> **Required work**:
Repeat only the lines below from the one containing "Certified 2025 Volvo XC90 B6 Ultra SUV" through the one containing "Château 20 pièces 1030 m²", inclusive, exactly as written.

> **Data for analysis**:
++++++++++++++++++++
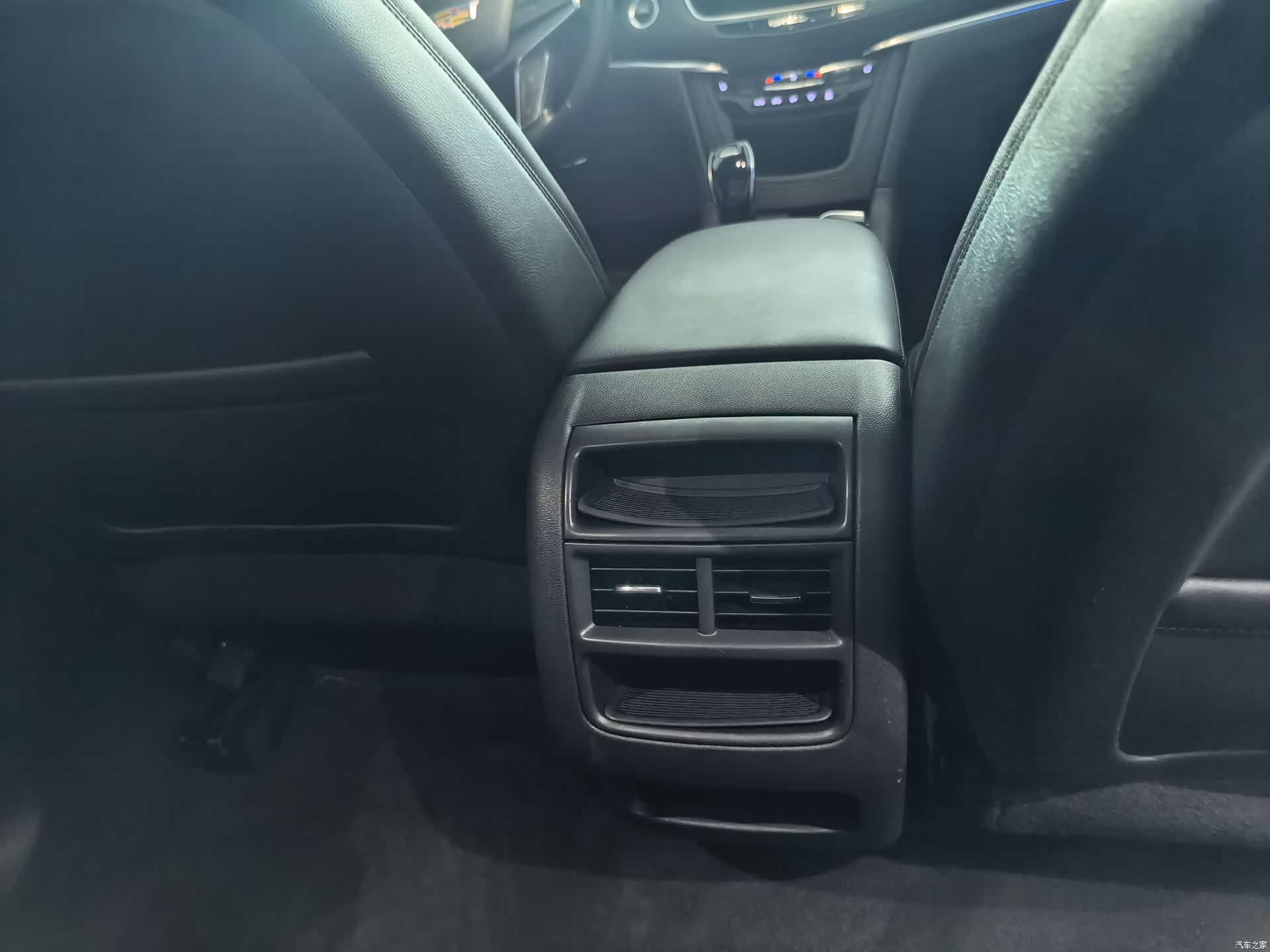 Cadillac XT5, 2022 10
++++++++++++++++++++
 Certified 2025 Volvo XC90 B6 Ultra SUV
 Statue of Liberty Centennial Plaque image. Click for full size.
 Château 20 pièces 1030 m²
++++++++++++++++++++
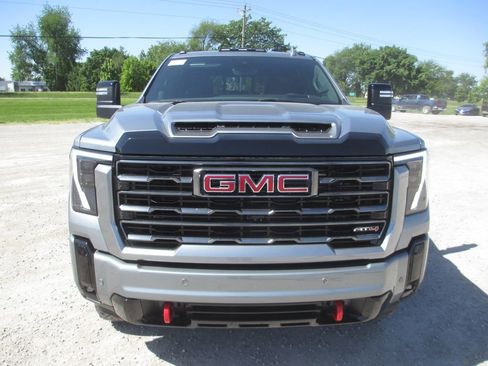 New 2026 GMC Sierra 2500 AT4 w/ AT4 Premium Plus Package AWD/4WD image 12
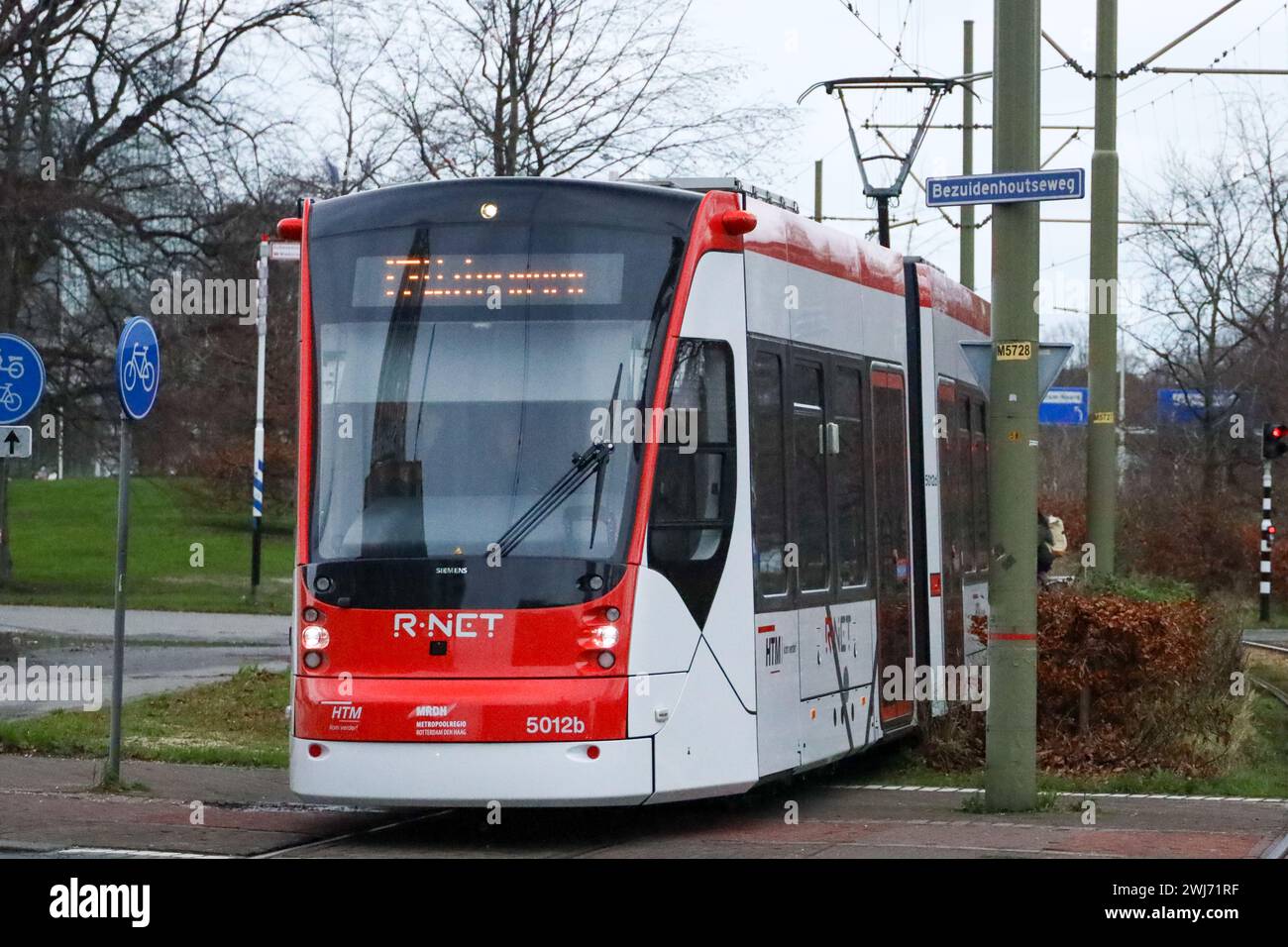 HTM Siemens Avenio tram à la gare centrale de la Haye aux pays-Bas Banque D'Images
++++++++++++++++++++
> **Output of the task**:
 Certified 2025 Volvo XC90 B6 Ultra SUV
 Statue of Liberty Centennial Plaque image. Click for full size.
 Château 20 pièces 1030 m²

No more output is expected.